• _Provided material_:
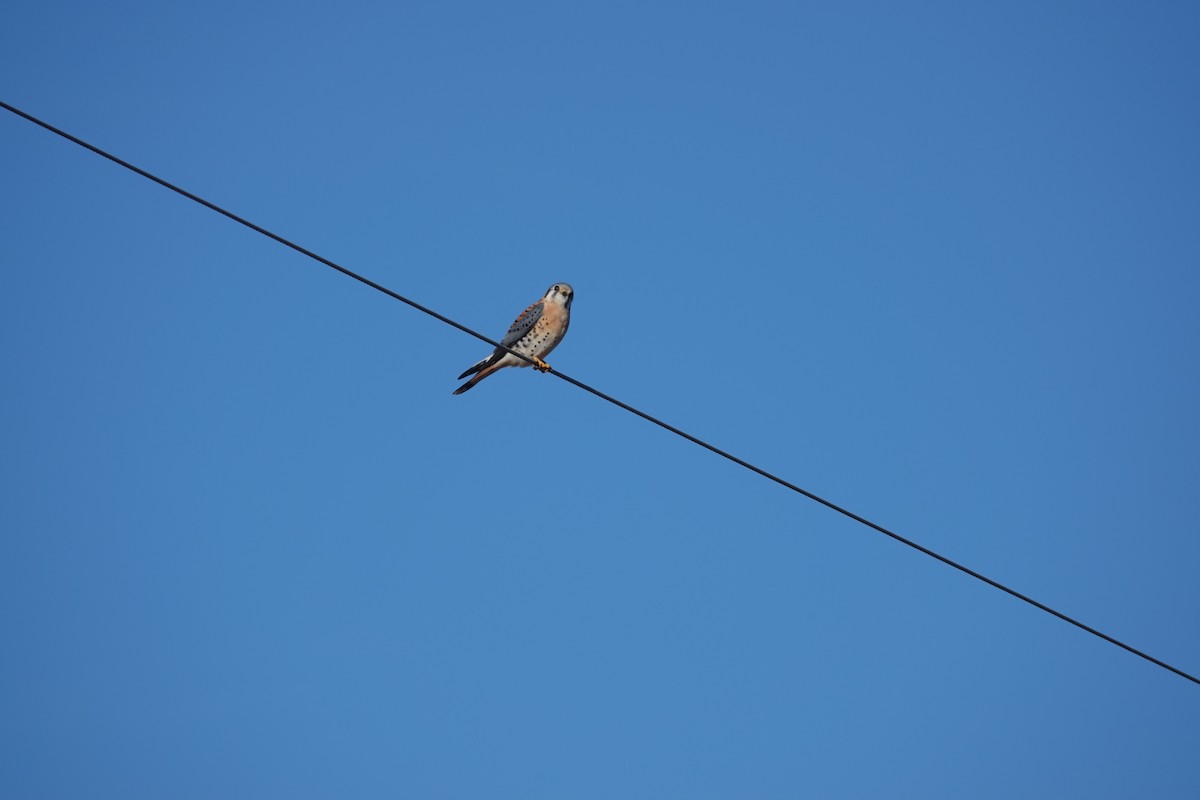 בז אמריקני - ML647541462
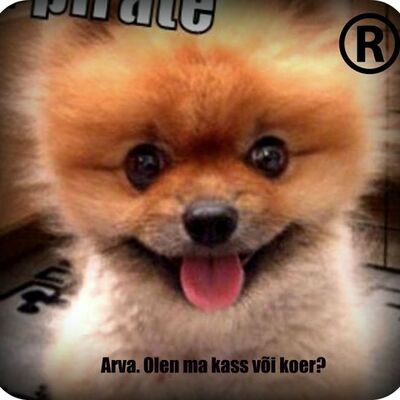 Timeline: Meeri portfoolio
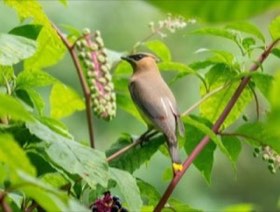 Cedar Waxwing (Bombycilla cedrorum) — photo 2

• _Exercise prompt_:
Once the pictures are set aside, give the listing again word for word.

• _Answer area_:
 בז אמריקני - ML647541462
 Timeline: Meeri portfoolio
 Cedar Waxwing (Bombycilla cedrorum) — photo 2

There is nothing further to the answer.